I'm implementing a service (as rest) that receives a POST method.

The encoding in my sistem is UTF-8.

I'm using jboss 5, in which the servlet that receives the requests follows the HTTP 1.1 specification of rfc2068 which states that:

When no explicit charset parameter is provided by the sender, media subtypes of the "text" type are defined to have a default charset value of " ISO-8859-1 " when received via HTTP.

so when the client that invokes my service is using for example UTF-8 and doesn't specify a charset, and the body of the POST contains characters outside the US-ASCII, the Jboss servlet assumes " ISO-8859-1 " and does a "wrong" decodification and in my system i receive "broken" characters. For example instead of the string "día" i receive "dÂa".

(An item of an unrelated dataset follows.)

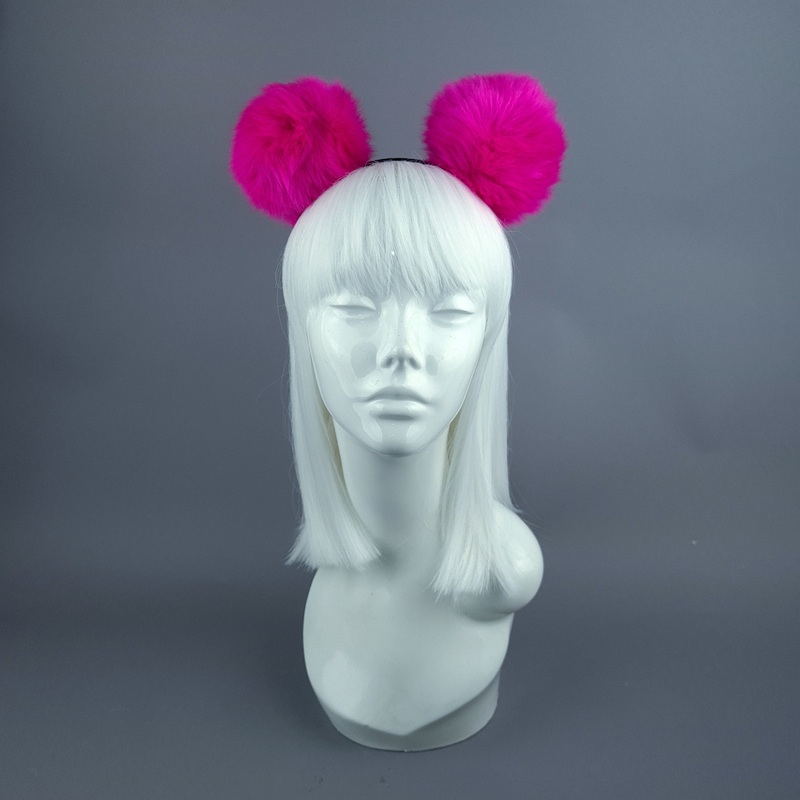 Teddie Pink Pompom Ear Headpiece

The approach i found for "protecting" my system is to require the client to specify the charset in the content-type parameter. If a charset is not specified then i respond with an http 403 and a text indicating that "the charset value must be specified".

Is there anything wrong with this approach?

RFC 2068 has been obsoleted twice and really is irrelevant. You need to look at RFC 7231, which doesn't define a default anymore. This means that the default is governed by the definition of the media type.

For text/plain, this implies US-ASCII (as far as I remember), so clients that want to send non-ASCII characters really need to specify the charset.